If you have android, the new version hasn’t been released for that platform yet.


----------



## shareef777 (Mar 10, 2019)

KnightRiderKitt said:


> This is probably a dumb question, but here goes. I haven't received my Model S Plaid yet but do have Version 3.10.14 Mobile App downloaded onto my phone. I am trying to download the newest version of the App but is says, "No Products Found". Do I need to have the vehicle before I can download the App or ????


The app would be updated from your phones App Store, not from within the app.


----------



## KnightRiderKitt (Jun 18, 2021)

Good to know. I do have an android setup. I'll keep an eye out for it in the App Store Thanks for your inputs, guys. It is appreciated.

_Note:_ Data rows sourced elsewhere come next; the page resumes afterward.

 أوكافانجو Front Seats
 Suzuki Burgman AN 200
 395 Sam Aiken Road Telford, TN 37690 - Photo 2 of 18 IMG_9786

So, I am guessing I won't see much in the app. until I get the vehicle? It would be nice to start learning how thing work with it.


----------



## shareef777 (Mar 10, 2019)

KnightRiderKitt said:


> Good to know. I do have an android setup. I'll keep an eye out for it in the App Store Thanks for your inputs, guys. It is appreciated.
> 
> So, I am guessing I won't see much in the app. until I get the vehicle? It would be nice to start learning how thing work with it.

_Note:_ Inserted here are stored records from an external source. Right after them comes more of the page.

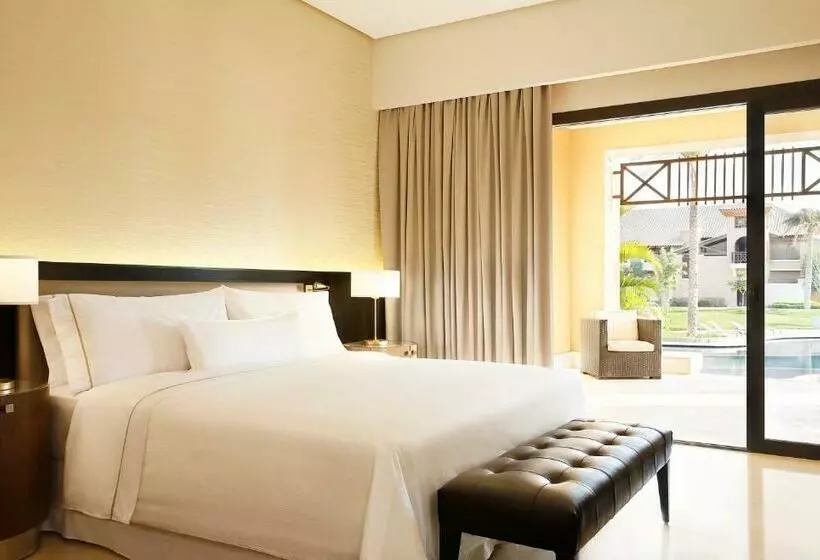 اتاق سوپریور با تخت بزرگ, The Westin Cairo Golf Resort & Spa, Katameya Dunes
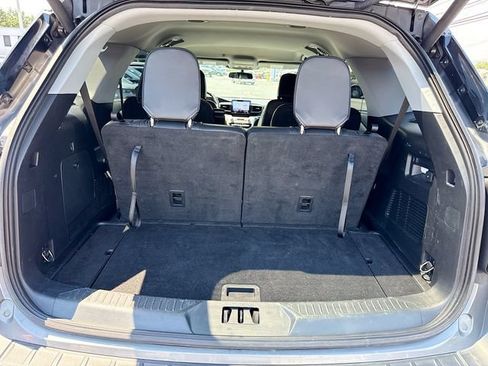 Used 2021 Ford Explorer XLT w/ Equipment Group 202A AWD/4WD image 34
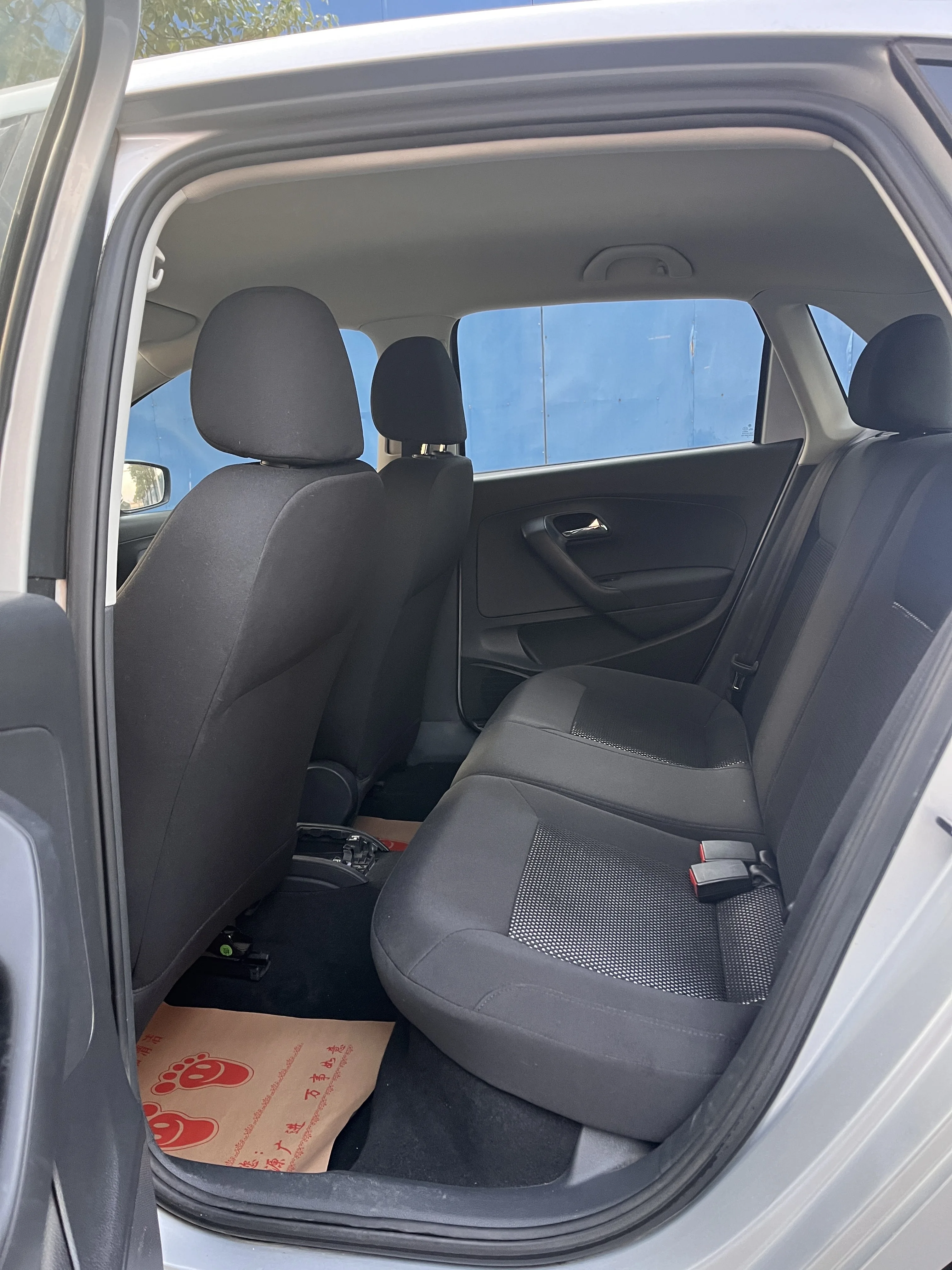 Best-Selling Used Volkswagen Polo Turbo Gasoline Sedan with Manual Transmission Fabric Seats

Yeah, nothing to do with the app unless your account/email is assigned to a vehicle. If you know anyone that owns a Tesla you can ask them to add your account to their vehicle. It'd then show up in your app and would be identical to how your vehicle would show up (assuming the same model). Only thing that'd be missing is the "Upgrades" option, which is essentially just the online shop and a list of vehicle upgrades (FSD/connectivity subscriptions, and acceleration boost and FSD purchase).


----------



## KnightRiderKitt (Jun 18, 2021)

Thanks, that's what I wanted to know.


----------